Indeed, shareholders who own stock in companies that make a lot of acquisitions -- serial acquirers -- should consider whether the deals are being cooked up by executives concerned about a slowdown in growth inside their operations. (Of course, shareholders who expect rising stock prices are not without guilt themselves. As James A. Fanto, a professor at Brooklyn Law School, wrote in a study of mergers he conducted in 2000, ''It is not too strong an expression to say that investors have become addicted to these transactions.'')
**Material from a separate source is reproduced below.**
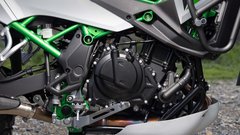 
                                                         Preprosto srečno življenje - Kawasaki KLE 500/SE
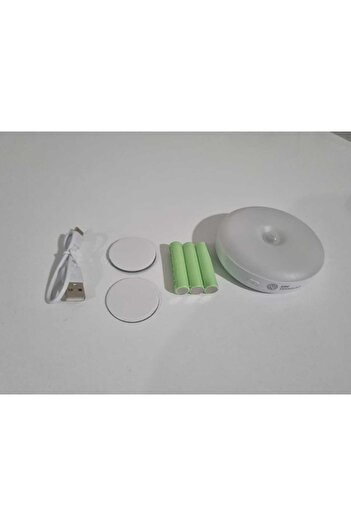 sgeteknoloji L2025 16 Led 3 Renkli 900mah Şarjlı, Ister Hareket Sensörlü, Ister Sürekli Type-c Led Işık Lamba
''The only thing people get paid for these days is growth, not running a company well,'' Jack Ciesielski, editor of The Analyst's Accounting Observer in Baltimore, says. ''The cult of growth will always encourage companies to buy other companies to paper over the valleys in their earnings patterns.''
Perhaps the best -- or worst -- examples of acquisitions performed for earnings expediency were those made by Tyco International, a conglomerate, during the years it was run by L. Dennis Kozlowski. Founded in 1960 as a technology company, Tyco soon became a manufacturer of industrial products. By the late 1990's, however, it had begun promising investors that it would produce reliable earnings growth in excess of 20 percent a year. Kozlowski, who became chief executive in 1992, wanted to pattern his company after General Electric, which had produced remarkably steady earnings gains for years. Today Tyco has operations in fire and security services, health-care products and electronic components.
In 2002, Kozlowski and an associate were accused of stock fraud and of looting the company of $600 million (a figure later reduced to $150 million). After an earlier mistrial, he is currently on trial for the second time in New York State Supreme Court in Manhattan.
Whether or not Kozlowski is found guilty of fraud -- at the time this article went to press, the trial was winding down -- his acquisition record certainly turned out to be flawed. Since he left Tyco, the company has registered $9 billion in losses and impaired assets.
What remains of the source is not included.